Simone Weil
1909-1943
  1. Tuer par la pensée tout ce qu'on aime : seule manière de mourir.
    (La pesanteur et la grâce, p.23, Pocket-Agora n°99)
     
  2. Nous ne possédons rien au monde - car le hasard peut tout nous ôter - sinon le pouvoir de dire je. C'est cela qu'il faut donner à Dieu, c'est-à-dire détruire. Il n'y a absolument aucun autre acte libre qui nous soit permis, sinon la destruction du je.
    (La pesanteur et la grâce, p.35, Pocket-Agora n°99)
     
  3. L'enfer est du néant qui a la prétention et donne l'illusion d'être.
    (La pesanteur et la grâce, p.37, Pocket-Agora n°99)
     
  4. Une très belle femme qui regarde son image au miroir peut très bien croire qu'elle est cela. Une femme laide sait qu'elle n'est pas cela.
    (La pesanteur et la grâce, p.43, Pocket-Agora n°99)
     
  5. Il faut se déraciner. Couper l'arbre et en faire une croix, et ensuite la porter tous les jours.
    (La pesanteur et la grâce, p.50, Pocket-Agora n°99)
     
  6. C'est un grand danger d'aimer Dieu comme un joueur aime le jeu.
    (La pesanteur et la grâce, p.66, Pocket-Agora n°99)
     
  7. Une science qui ne nous approche pas de Dieu ne vaut rien.
    Mais si elle nous en fait mal approcher, c'est-à-dire d'un Dieu imaginaire, c'est pire...

    (La pesanteur et la grâce, p.68, Pocket-Agora n°99)
     
  8. L'amour est un signe de notre misère. Dieu ne peut aimer que soi. Nous ne pouvons aimer qu'autre chose.
    (La pesanteur et la grâce, p.74, Pocket-Agora n°99)
     
  9. Aimer un étranger comme soi-même implique comme contrepartie : s'aimer soi-même comme un étranger.
    (La pesanteur et la grâce, p.74, Pocket-Agora n°99)
     
  10. Parmi les êtres humains, on ne reconnaît pleinement l'existence que de ceux qu'on aime.
    (La pesanteur et la grâce, p.76, Pocket-Agora n°99)
     
  11. L'amour a besoin de réalité. Aimer à travers une apparence corporelle un être imaginaire, quoi de plus atroce, le jour où l'on s'en aperçoit ? Bien plus atroce que la mort, car la mort n'empêche pas l'aimé d'avoir été.

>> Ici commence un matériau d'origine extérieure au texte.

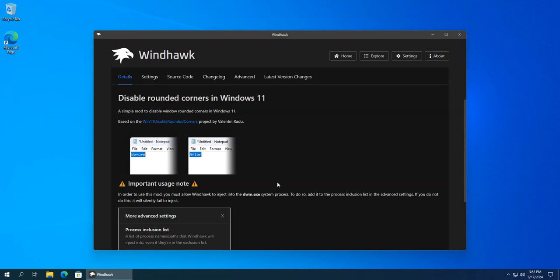Next, I'm gonna allow Windhawk to inject into the dwm.exe system process.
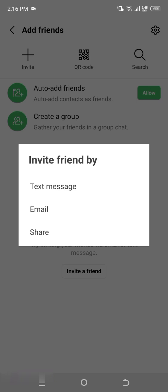Step four: select an invitation method. After tapping Invite, a screen will appear showing various ways to invite your friends. You'll see options like text message, email, and share. Each of these options lets you invite friends in a different way. For instance, text message sends an invitation via SMS. Email sends an invitation to the recipient's email address. Share allows you to share the invitation link through other apps like WhatsApp, Facebook Messenger, and more.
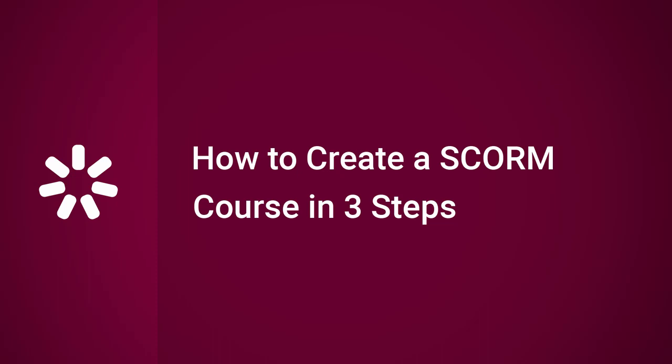Hi there, it's Brian from iSpring, and today we're going to find out how to create a SCORM course in three steps.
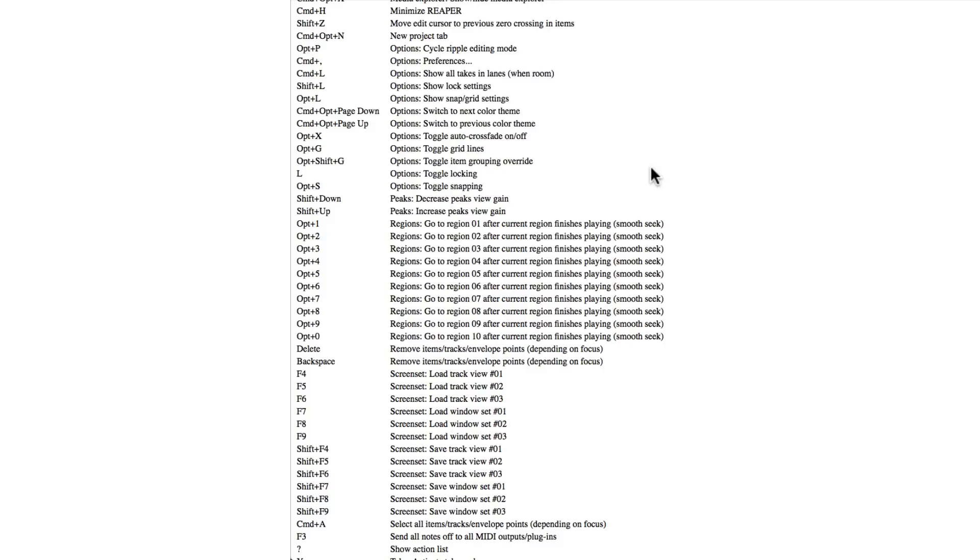So that's pretty much it. That's printing keyboard shortcuts in Reaper. I hope you learned something, hope you can use it, and I'll see you next time. Thanks.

    (La pesanteur et la grâce, p.77, Pocket-Agora n°99)
     
  12. C'est une lâcheté que de chercher auprès des gens qu'on aime (ou de désirer leur donner) un autre réconfort que celui que nous donnent les oeuvres d'art, qui nous aident du simple fait qu'elles existent. Aimer, être aimé, cela ne fait que rendre mutuellement cette existence plus concrète, plus constamment présente à l'esprit. Mais elle doit être présente comme la source des pensées, non comme leur objet. S'il y a lieu de désirer être compris, ce n'est pas pour soi, mais pour l'autre, afin d'exister pour lui.
    (La pesanteur et la grâce, p.78, Pocket-Agora n°99)
     
  13. Le beau est ce qu'on ne peut pas vouloir changer.

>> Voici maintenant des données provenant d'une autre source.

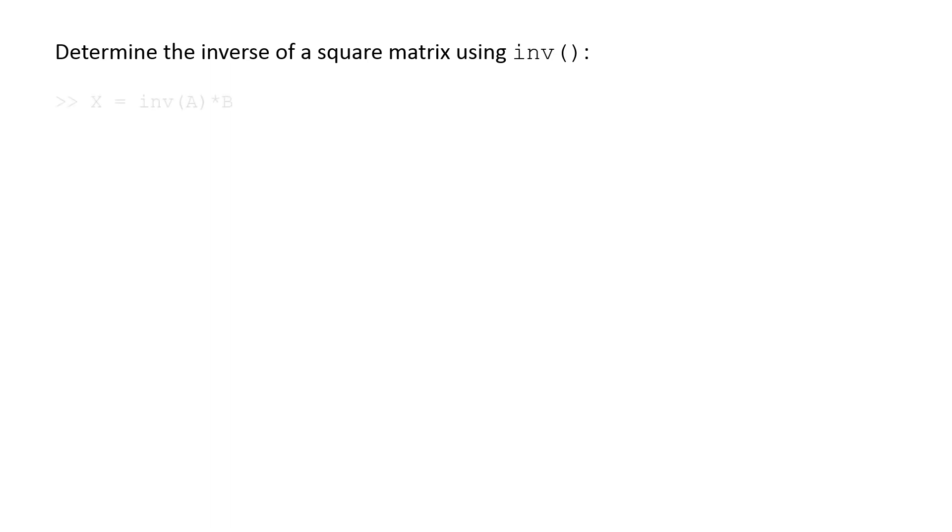At the command line, we type x equals inv(A) times B, which yields a vector x that contains the solutions to the equations, 1 and 2.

    (La pesanteur et la grâce, p.78, Pocket-Agora n°99)
     
  14. Apprends à repousser l'amitié, ou plutôt le rêve de l'amitié. Désirer l'amitié est une grande faute. L'amitié doit être une joie gratuite comme celles que donne l'art, ou la vie. Il faut la refuser pour être digne de la recevoir : elle est de l'ordre de la grâce (" Mon Dieu, éloignez-vous de moi... "). Elle est de ces choses qui sont données par surcroît. Tout rêve d'amitié mérite d'être brisé. Ce n'est pas par hasard que tu n'as jamais été aimée... Désirer échapper à la solitude est une lâcheté. L'amitié ne se recherche pas, ne se rêve pas, ne se désire pas ; elle s'exerce (c'est une vertu). Abolir toute cette marge de sentiment, impure et trouble. Schluss !

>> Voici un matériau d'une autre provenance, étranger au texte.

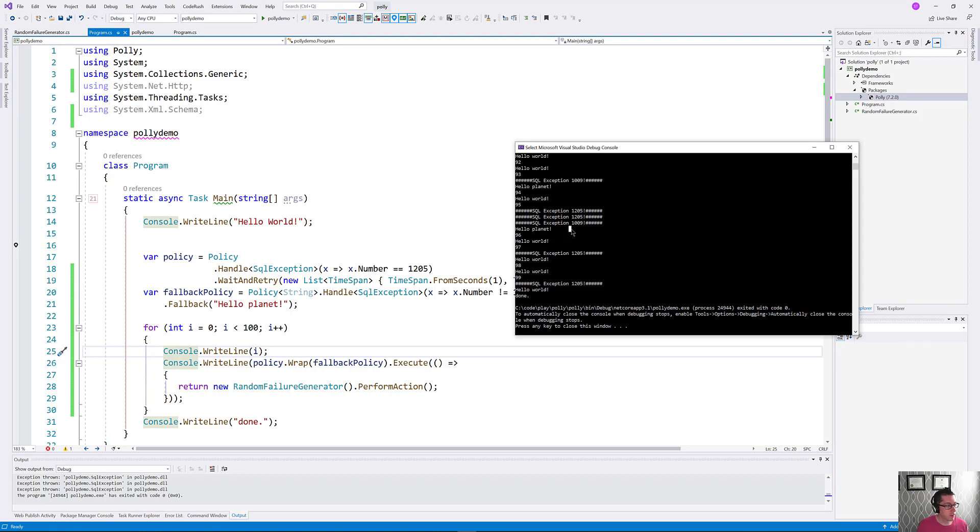So this is how you build slightly more complicated policies using Polly. In our next episode related to Polly, we're going to continue taking a look at this stuff and we'll continue expanding on some of the more powerful features inside of Polly.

    (La pesanteur et la grâce, p.79, Pocket-Agora n°99)
     
  15. La création : le bien mis en morceaux et éparpillé à travers le mal.
    Le mal est l'illimité, mais il n'est pas l'infini.
    Seul l'infini limite l'illimité.

    (La pesanteur et la grâce, p.82, Pocket-Agora n°99)
     
  16. Quand on a péché par injustice, il ne suffit pas de souffrir justement, il faut souffrir l'injustice.
    (La pesanteur et la grâce, p.88, Pocket-Agora n°99)
     
  17. Le péché contre l'Esprit consiste à connaître une chose comme bonne et à la haïr en tant que bonne.
    (La pesanteur et la grâce, p.88, Pocket-Agora n°99)
     
  18. Devoir de comprendre et de peser le système de valeurs d'autrui, avec le sien, sur la même balance. Forger la balance.
    (La pesanteur et la grâce, p.91, Pocket-Agora n°99)
     
  19. Je ne dois pas aimer ma souffrance parce qu'elle est utile, mais parce qu'elle est.
    (La pesanteur et la grâce, p.95, Pocket-Agora n°99)
     
  20. Dire comme Ivan Karamasov : rien ne peut compenser une seule larme d'un seul enfant.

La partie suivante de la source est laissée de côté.